One advice-laced article -- by Mark White -- appears to be both more philosophical than others and completely at odds with their conclusions. White posits a view of the mind according to which we have a special faculty of willing but does not -- understandably, given available space -- defend it. He tells us that it is bad to use self-manipulation through one's environment because that might weaken our will through lack of use. Is it because we need our will to fall back on when scaffolding is not available, or is it somehow unseemly or less than moral not to develop our wills -- an abdication of our autonomy ? Definitely the former, but sometimes the latter also appears to be implied. What, then, should we do? White's initial advice is that the agent should "try harder." Later, however, he appeals to current studies showing that the will, like a muscle, can be strengthened by training, and advises us to train our wills.
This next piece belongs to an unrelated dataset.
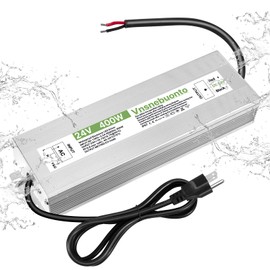 24V Power Supply 400W, 90-130V AC to 24V DC 16.7A Converter, IP67 Waterproof LED Driver, 24 Volt Low Voltage Transformer, Adapter with 3 Pin Plug for LED Light, Outdoor Indoor Use-Non dimmable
It is unclear that autonomous Kantian wills are the sort of things that can weaken from lack of use or grow in the manner of muscles, for are they not things that all rational agents have to the same degree no matter what? White also appears to overlook the fact that training the will like a muscle is a somewhat different thing to do from "trying harder." One does not develop the ability to lift a large rock simply by trying harder to do it but through a process that involves such things as starting with smaller rocks, alternating between exertion and rest, getting enough food of the right sort, and so on. In other words, training the will as if it were a muscle would involve some self-manipulation through the environment.

All in all, this collection is good reading for anyone who would like to do philosophy on the subject of procrastination or who seeks to procrastinate her work by reading interesting things.